Erleichterung. Freude. Und ganz schön viel Melancholie.
Jägerin des Zirkels
Nach der Matura meines zweiten Kindes fängt meine Reifeprüfung an. Die Rolle der Jägerin des verlorenen Zirkels will neu definiert werden. Das Kind geht, ein erwachsener Mensch kommt. Der letzte Vorhang im Stück „Mutter Courage“ fällt, ich schlüpfe final aus der Rolle der Behüterin. Das erleichtert, das fällt schwer.
Wie sehr, habe ich jetzt zu Schulbeginn bemerkt, als dieses, wie gesagt, letzte Schuljahr für meine Tochter anbrach – sie besucht eine fünfjährige BHS. Und ich sie tatsächlich fragte, ob ich für sie, allenfalls…., hm, nicht doch ein paar Schulsachen besorgen dürfe?! Wohl wissend, dass sie sich das Bisschen locker selbst organisieren kann.

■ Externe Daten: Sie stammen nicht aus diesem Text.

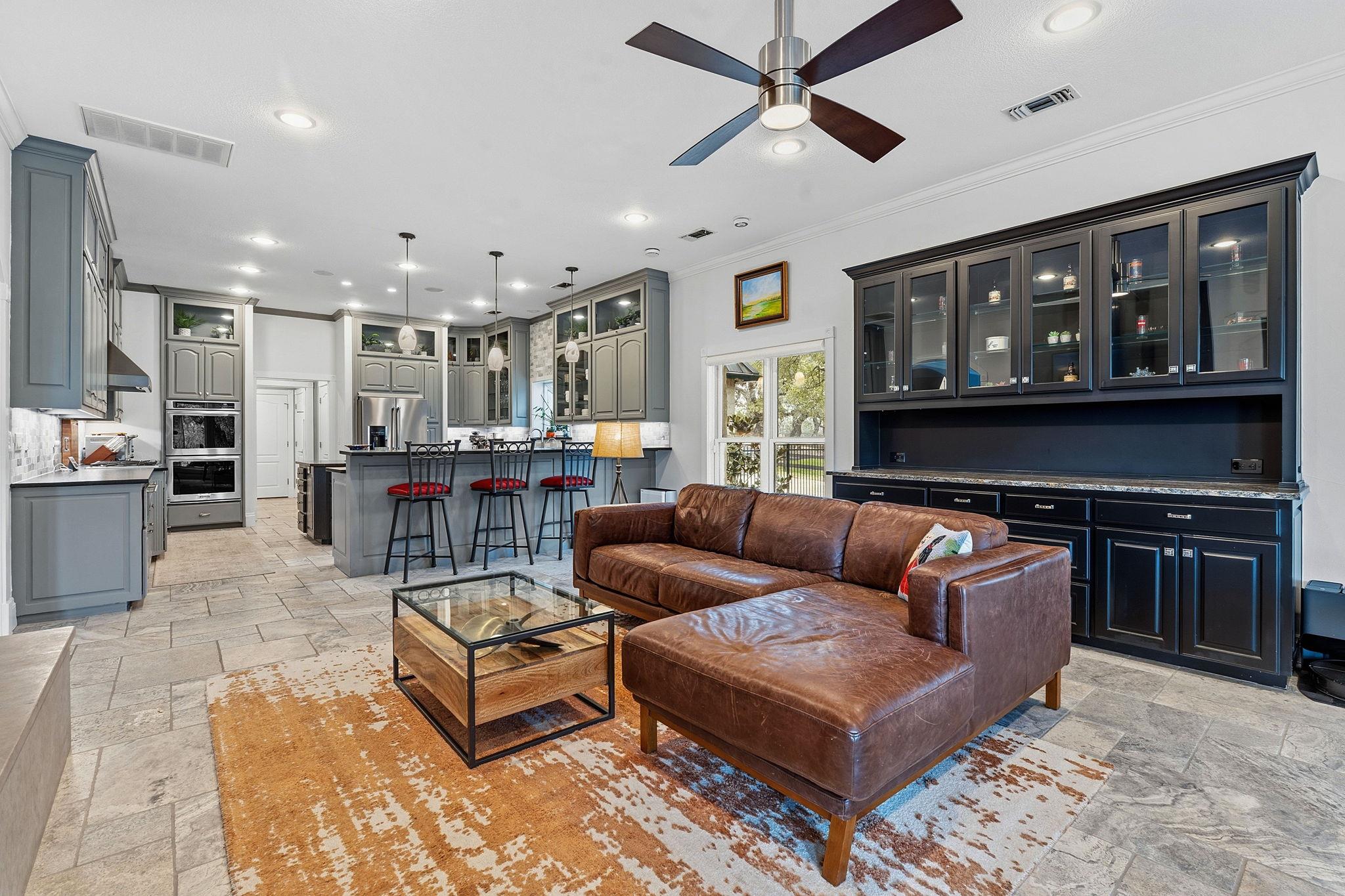 3118 La Ventana PKWY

Stattdessen biederte ich mich geradezu an, für sie Stifte und Collegeblöcke kaufen zu gehen. Ein letztes Mal noch durch den Papier-Supermarkt stapfen und Eltern dabei beobachten, wie sie mit ihren Kindern Zeichenblocks, Filzstifte und Bastelscheren aussuchen. Nur zum Spaß schrieb ich meiner 18-Jährigen eine WhatsApp-Nachricht: Soll ich den Handarbeitskoffer mit der Eisprinzessin drauf nehmen oder magst lieber einen in Pink? Später umarmten wir einander und erinnerten uns an ihren ersten Schultag, als sie mit Zahnlücke, rosa Bluse, Schleife im Lockenhaar und Glück in den Augen ihren ersten Schultag feierte.

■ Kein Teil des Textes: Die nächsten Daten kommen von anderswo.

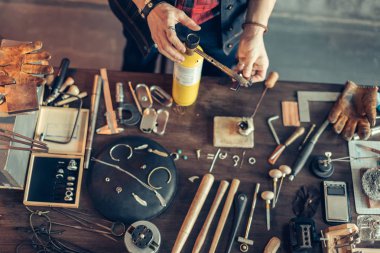 adam aracı metal eritme için hazırlanıyor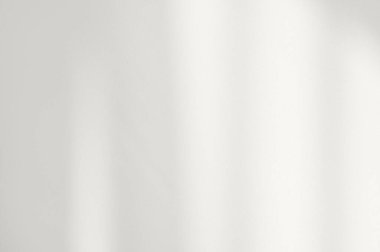 Hafif bulanık, soyut güneş ışığı gölgeleri açık beyaz bej alçı duvarda, arka planda. Ticari markalaşma ve sosyal medya için boş kopya alanına sahip estetik model.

Schreibe etwas über das Leben ohne Schulkinder, lautete der Wunsch der Redaktion. Schon komisch: Malt man sich diese Freiheit im Geiste aus, wirkt die Welt bunt und leicht. Wieder was geschafft, nächster Schritt, Abschiede sind bekanntlich Tore zu neuen Welten.
Adieu, Muttertier
Zunächst aber wird etwas fehlen. Viele kleine Rituale, Gesten und Gewohnheiten. Das Gebraucht-Werden, das Dasein als Muttertier, das Schenken von Geborgenheit und Trost in anstrengenden Momenten. Auch Teilhabe – am Tun der Schulfreundinnen und Freunden, an einem Geschehen, das mir oft ein Stück Jugend ins Leben holte. Nicht zuletzt rückt jetzt auch jener Moment näher, den viele Eltern so herbeisehnen wie fürchten: Das Kind zieht aus. „Empty Nestlers“ werden in den USA jene Mütter und Väter genannt, deren Nachwuchs weg ist. Viele tun sich schwer damit.

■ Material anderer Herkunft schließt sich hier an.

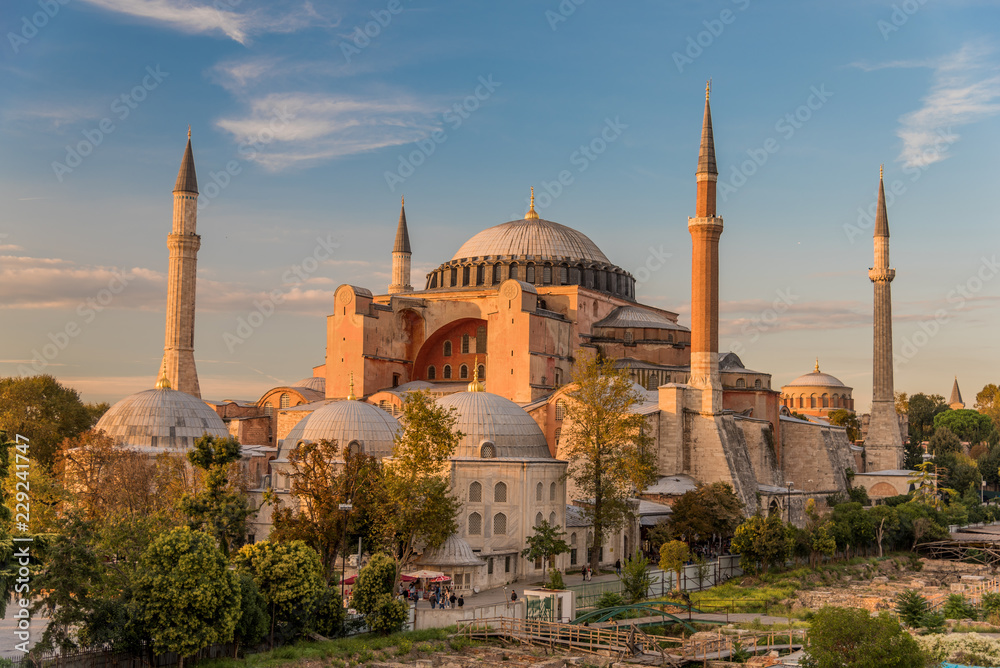 Fototapeta premium Hagia Sophia lub Ayasofya (turecki), Stambuł, Turcja. Jest to dawna greckokatolicka katedra patriarchalna, później imperialny meczet osmański, a obecnie muzeum. To jeden z siedmiu cudów.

Ich erinnere mich an jenen Moment, als mein Sohn den letzten Karton aus seinem Jugendzimmer holte, um in seine erste Wohnung zu ziehen. Ich habe mich so für ihn gefreut, und gleichzeitig geheult. Keine dreckigen Hosen und feuchten Handtücher mehr vom Boden aufheben, nie mehr keppeln müssen. Aber auch nicht mehr dabei sein können, wenn der Bub in der Früh verstruppelt „Guten Morgen“ sagt und um Rat fragt. Mama und Papa – alleine zu Hause.
„Zwei Dinge sollten Kinder bekommen: Wurzeln und Flügel“, schrieb Johann Wolfgang von Goethe. Erziehung ist ein Abenteuer, das – wie die meisten Abenteuer – irgendwann einmal endet. Das ist dann die Chance, sich selbst und seine Partnerschaft neu zu justieren und zu definieren. Denn ja: Ohne diese ganze Verantwortung zu leben, ohne diese permanente Zuständigkeit, kann auch recht lässig sein. Außerdem: Die Kinder sind zwar nicht mehr da, aber auch nicht ganz weg. Wenn die Schule endet und das eigenständige Leben beginnt, sind die Eltern im besten Fall immer noch Begleiter – ohne erhobenen Zeigefinger, aber stets bereit, da zu sein, wenn es das braucht. Dazwischen aber baumeln wir ein bisserl in der Hängematte und freuen uns, dass die Quartheft-Ära für immer Geschichte ist.